### SOURCE MATERIAL:
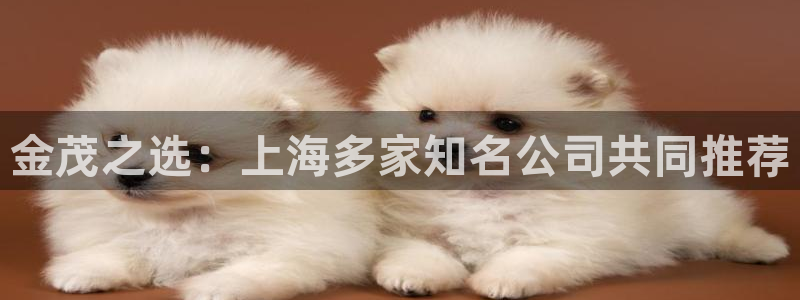 盈顺娱乐休闲室怎么样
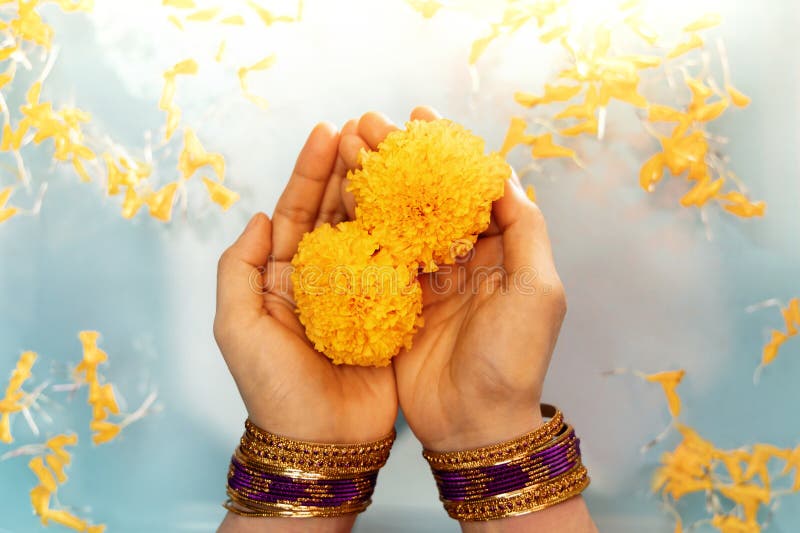 Hindu Ceremonies, Rituals, Spirituality, Religion and Hope Concept. Woman Holdings Marigold Flowers in Water , Respect and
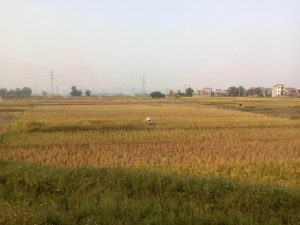 Recogiendo arroz en Vietnam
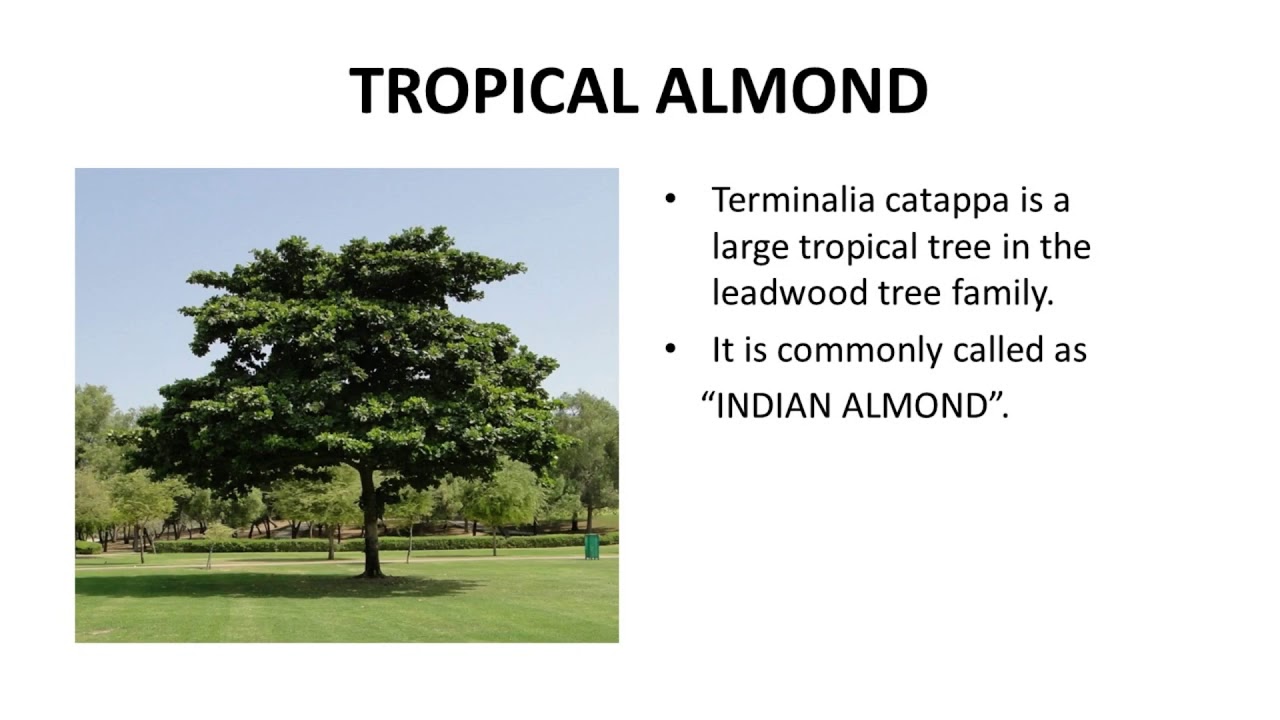 Top 15 AVENUE TREES YouTube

### TASK BRIEF:
Only the lines from the line containing "Recogiendo arroz en Vietnam" through the end of the material should be retyped, exactly and in full, with no pictures.

### ANSWER FOR THE TASK:
 Recogiendo arroz en Vietnam
 Top 15 AVENUE TREES YouTube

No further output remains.